14.10.15

Em diferido. #41

Vai guiando os ensaios por onde quiser - Volto sempre lá. Ou voltava até ao dia em que se mudaram. Que a cidade é bela e tem encantos sem fim, já todos sabemos. Tem luz de casa real e prédios de decoração fina. Tem beicinho se não prometer voltar. Sem ser preciso supor, tenho uma paixão sem fim. A cidade é fina e tem lugares vários. Na mesma cidade, volto às visitas. Volto sempre. Agora, volto a outro lugar, a mesma cidade. Antes, aqueles prédios enormes. Cá do asfalto, antes do padrão português e do jardim trabalhado, olho para cima e parece que nunca mais se endireita. É um indutor, tão sedutor, do pensamento. Lá em cima, numa varanda larga, o cigarro de ocasião. A visão inversa, o mesmo sentimento, a mesma sedução. Entre a conversa e a vertigem passageira, passa no asfalto uma velha mulher. Se não me engano, vi-a todas as vezes que os visitei. Sempre a passar naquela rua. De negro se tapava. Só lhe víamos o rosto. Tão cansado e abatido. Um lenço negro a tapar-lhe os cabelos, uma saia negra pelo joelho.
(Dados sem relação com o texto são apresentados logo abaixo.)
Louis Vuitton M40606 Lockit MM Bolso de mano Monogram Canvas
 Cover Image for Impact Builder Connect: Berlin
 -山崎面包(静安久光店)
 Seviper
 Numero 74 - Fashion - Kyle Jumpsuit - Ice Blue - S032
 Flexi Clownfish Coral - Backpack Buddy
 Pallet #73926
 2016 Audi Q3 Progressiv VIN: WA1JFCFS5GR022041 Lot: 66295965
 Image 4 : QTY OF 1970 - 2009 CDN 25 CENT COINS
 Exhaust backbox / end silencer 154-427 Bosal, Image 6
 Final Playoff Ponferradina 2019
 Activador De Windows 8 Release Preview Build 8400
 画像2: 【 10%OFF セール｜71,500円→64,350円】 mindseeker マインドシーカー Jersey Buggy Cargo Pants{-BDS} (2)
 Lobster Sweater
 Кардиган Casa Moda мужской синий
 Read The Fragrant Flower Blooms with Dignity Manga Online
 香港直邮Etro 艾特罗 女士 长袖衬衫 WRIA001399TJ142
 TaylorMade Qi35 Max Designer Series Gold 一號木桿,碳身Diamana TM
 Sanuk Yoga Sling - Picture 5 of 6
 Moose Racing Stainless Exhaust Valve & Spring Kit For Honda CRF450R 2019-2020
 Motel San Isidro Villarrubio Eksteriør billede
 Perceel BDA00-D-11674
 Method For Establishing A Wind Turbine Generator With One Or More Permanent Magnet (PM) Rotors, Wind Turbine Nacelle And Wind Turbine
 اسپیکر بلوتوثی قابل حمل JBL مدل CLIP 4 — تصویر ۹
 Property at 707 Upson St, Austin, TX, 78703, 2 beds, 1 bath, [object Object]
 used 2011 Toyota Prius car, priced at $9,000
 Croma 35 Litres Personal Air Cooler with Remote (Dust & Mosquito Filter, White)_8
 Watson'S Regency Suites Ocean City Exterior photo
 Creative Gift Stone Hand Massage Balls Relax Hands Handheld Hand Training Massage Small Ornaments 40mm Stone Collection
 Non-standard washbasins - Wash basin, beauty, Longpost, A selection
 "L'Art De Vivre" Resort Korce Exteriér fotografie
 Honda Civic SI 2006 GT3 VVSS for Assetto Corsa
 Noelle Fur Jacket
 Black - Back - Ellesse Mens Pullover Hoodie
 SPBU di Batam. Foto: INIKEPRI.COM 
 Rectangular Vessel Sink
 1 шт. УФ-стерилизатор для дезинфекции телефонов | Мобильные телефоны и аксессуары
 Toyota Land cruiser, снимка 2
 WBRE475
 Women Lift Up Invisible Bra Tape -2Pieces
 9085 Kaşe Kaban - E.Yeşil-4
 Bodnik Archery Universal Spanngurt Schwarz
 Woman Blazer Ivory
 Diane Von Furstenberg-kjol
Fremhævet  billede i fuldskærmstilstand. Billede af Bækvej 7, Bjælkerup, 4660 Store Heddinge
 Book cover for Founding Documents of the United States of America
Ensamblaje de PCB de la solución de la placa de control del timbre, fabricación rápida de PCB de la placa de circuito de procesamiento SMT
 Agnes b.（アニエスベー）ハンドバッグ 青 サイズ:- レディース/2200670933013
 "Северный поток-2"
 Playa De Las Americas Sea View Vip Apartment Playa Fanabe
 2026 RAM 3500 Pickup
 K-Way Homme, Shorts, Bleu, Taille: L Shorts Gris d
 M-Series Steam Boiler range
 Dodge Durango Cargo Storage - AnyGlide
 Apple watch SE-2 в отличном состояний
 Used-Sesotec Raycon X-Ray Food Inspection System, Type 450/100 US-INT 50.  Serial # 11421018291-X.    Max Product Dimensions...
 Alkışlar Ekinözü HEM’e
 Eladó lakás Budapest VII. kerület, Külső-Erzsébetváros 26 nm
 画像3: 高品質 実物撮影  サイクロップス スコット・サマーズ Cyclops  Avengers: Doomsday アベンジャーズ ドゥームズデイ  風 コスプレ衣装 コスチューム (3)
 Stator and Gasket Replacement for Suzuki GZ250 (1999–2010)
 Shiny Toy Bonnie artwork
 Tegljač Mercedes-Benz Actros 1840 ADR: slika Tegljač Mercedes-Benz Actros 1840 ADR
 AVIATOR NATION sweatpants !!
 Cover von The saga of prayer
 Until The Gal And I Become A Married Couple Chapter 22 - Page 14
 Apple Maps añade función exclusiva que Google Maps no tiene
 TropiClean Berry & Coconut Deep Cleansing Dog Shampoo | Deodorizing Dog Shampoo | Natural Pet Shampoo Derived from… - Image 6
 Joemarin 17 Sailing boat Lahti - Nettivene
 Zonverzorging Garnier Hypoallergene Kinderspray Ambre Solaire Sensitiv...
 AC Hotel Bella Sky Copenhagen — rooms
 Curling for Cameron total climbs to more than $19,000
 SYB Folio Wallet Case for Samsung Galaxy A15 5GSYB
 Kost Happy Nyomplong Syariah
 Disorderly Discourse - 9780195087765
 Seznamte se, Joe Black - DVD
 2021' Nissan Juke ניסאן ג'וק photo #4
Um casaco negro ou uma camisa no mesmo tom. Umas meias negras a esconder a pele. Curva, parecia que nunca tirava os olhos do chão. Puxava, com as mãos que imagino vencidas pelo tempo, um carrinho. Daqueles que servem para o auxílio das compras. Era, sem falsas ideologias, a excepção daquele lugar. Chamou-me, particularmente, a atenção. Todas as vezes. Nesse fim de tarde, a última vez em que estive naquela casa, enquanto a velha senhora passava, perguntei-lhes sobre ela. Não tinham muito para contar. Somente, que todos os dias arranjava um canto para estender os livros e tentar vendê-los. Assim, o carrinho com duas rodas era o armazém. Quão valioso o conteúdo, permiti-me pensar. Como na literatura, a vida quotidiana é um ensejo permanente. Até à página final.